• **Data listing**

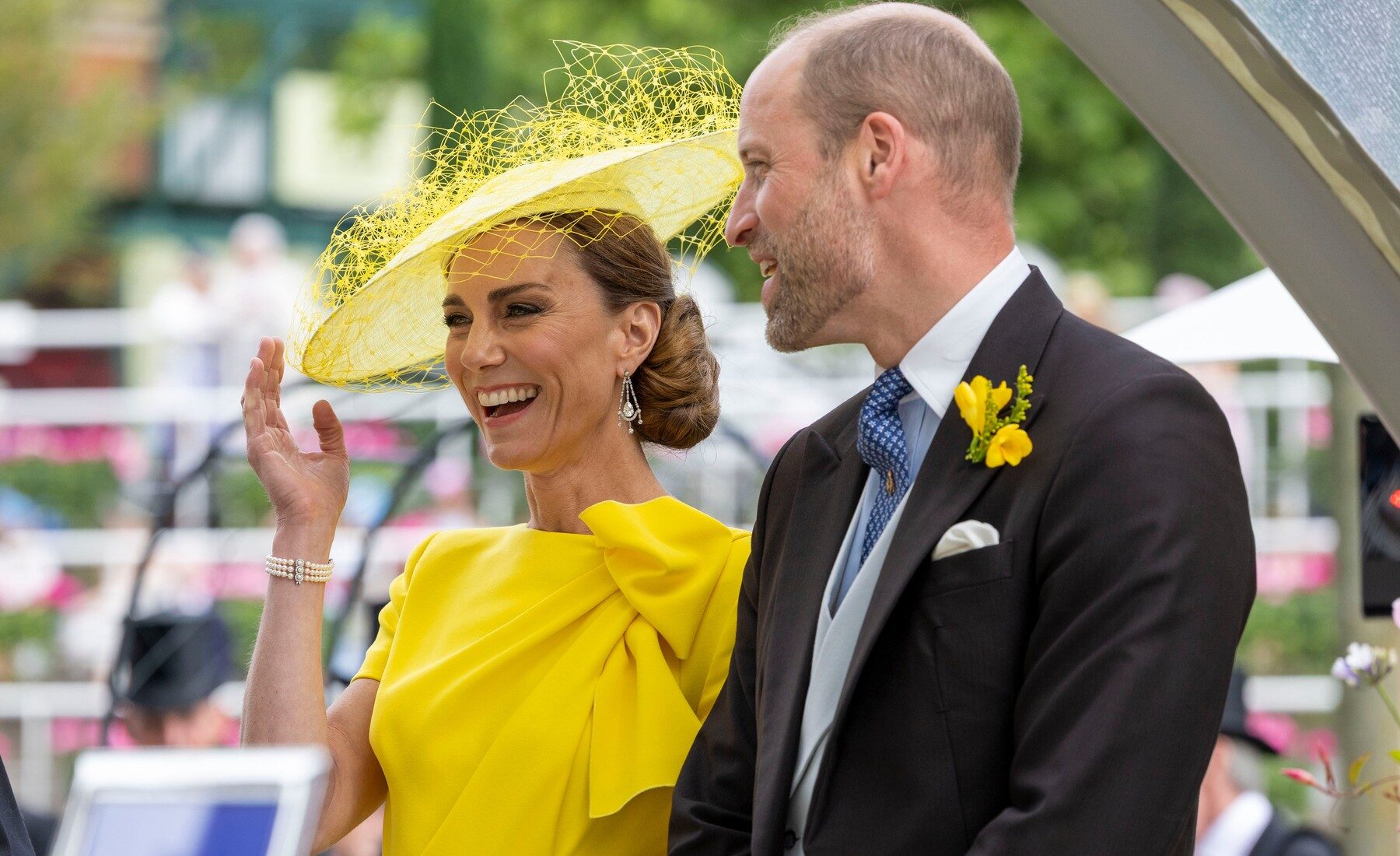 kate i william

* * *

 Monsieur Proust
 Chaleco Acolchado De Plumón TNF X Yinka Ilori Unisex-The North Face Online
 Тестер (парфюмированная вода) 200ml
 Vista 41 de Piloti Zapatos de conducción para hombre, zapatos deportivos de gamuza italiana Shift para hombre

• **Try it**
Using the entries above, give back exactly the line containing "Monsieur Proust", the line containing "Vista 41 de", and every line between them, and nothing else.

• **Solved problem**
 Monsieur Proust
 Chaleco Acolchado De Plumón TNF X Yinka Ilori Unisex-The North Face Online
 Тестер (парфюмированная вода) 200ml
 Vista 41 de Piloti Zapatos de conducción para hombre, zapatos deportivos de gamuza italiana Shift para hombre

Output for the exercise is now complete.